La rana è tornata. Forse non starà più a testa in giù sulla Punta della Dogana a Venezia, nella scultura di Charles Ray, visto che il sindaco della città la vuole togliere. Di sicuro è riapparsa nelle edicole italiane: «Frogs & co.». È la nuova collezione di ranocchie di plastica molle che comprende ben 16 esemplari, rospi compresi: Raganella occhi rossi, Rana volante di Giava, Dendrobate azzurro, ecc. Ognuna ha la sua scheda, come la Rana dipinta asiatica, consueta in Cina, detta anche Rana toro, che somiglia a un sasso e vive in zone umide, appiccicosa e tossica.

I bambini hanno decretato il successo di questa ennesima collezione di mostriciattoli edita dalla DeAgostini. Perché? Le rane sviluppano un doppio atteggiamento: attrazione o repulsa. Del resto, come ci dice il Dizionario dei simboli di Chevalier-Gheerbrant (Rizzoli), si tratta del simbolo della materia oscura, legato all’acqua e alla metamorfosi. Ambigua o ambivalente, che dir si voglia, la rana è amata dai bambini, sia nella versione morbida del pupazzo sia in questa tutta gommosa. Non a caso si tratta di un anfibio, a cavallo tra due regni, che incarna la tensione tra energia e stasi. Come ha detto una volta Stefano Bartezzaghi, la rana possiede un design preistorico, e ai bambini piace questo ritorno alle età primigenie.

In fondo la rana è la versione minore del dinosauro, che conosce da alcuni decenni un incontrovertibile successo nella popolazione infantile dei Paesi occidentali (e non solo lì).
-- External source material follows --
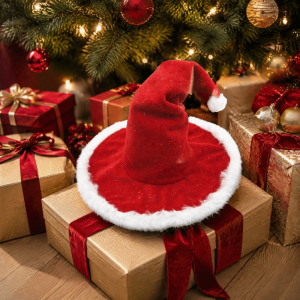 ECOCOKU Comfortable Witch Christmas Hat Plush Soft Santa Claus Hat Fashion Cosplay Red Witch Hat Adults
L’arcaico, il remoto, attrae, come il futuribile e il fantascientifico. Non somigliava forse a «qualcosa» sospeso tra la rana e il dinosauro l’extraterrestre ET di Spielberg, che nel 1982 ha decretato il ritorno al futuro? Forse è quell’elemento ancestrale che lavora in tutti noi, e in particolare nei cuccioli dell’uomo, a spingere i visitatori della Punta della Dogana a posare per gli obiettivi fotografici accanto all’anfibio pendente tra le mani del ragazzino.
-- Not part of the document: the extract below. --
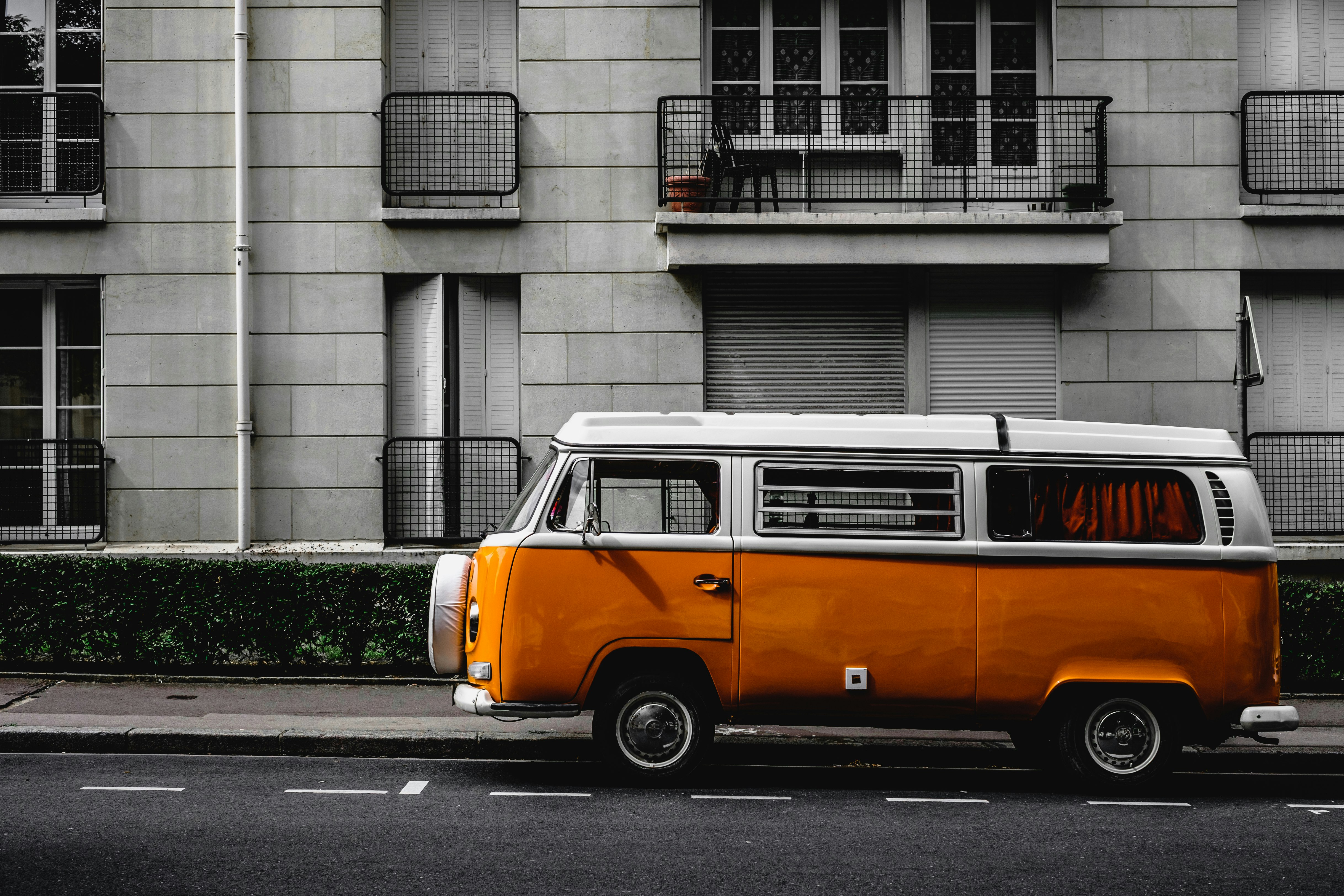 I spotted this beautiful orange Volkswagen in the streets of Caen, France.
Il personaggio, ispirato a Huckleberry Finn, nel romanzo di Mark Twain ascolta il gracidare delle ranocchie spinto da una sensazione di stupore meravigliato di fronte al mistero del creato, senza negare quel po’ di crudeltà che scorre nelle sue vene di giovane maschio, tanto da afferrare per la zampa uno di quegli strani animali e sospenderlo per aria. Forse è meno crudele di Galvani, che le disseccava per i suoi fondamentali (per noi) esperimenti sull’elettricità. Rana, omnia munda mundis.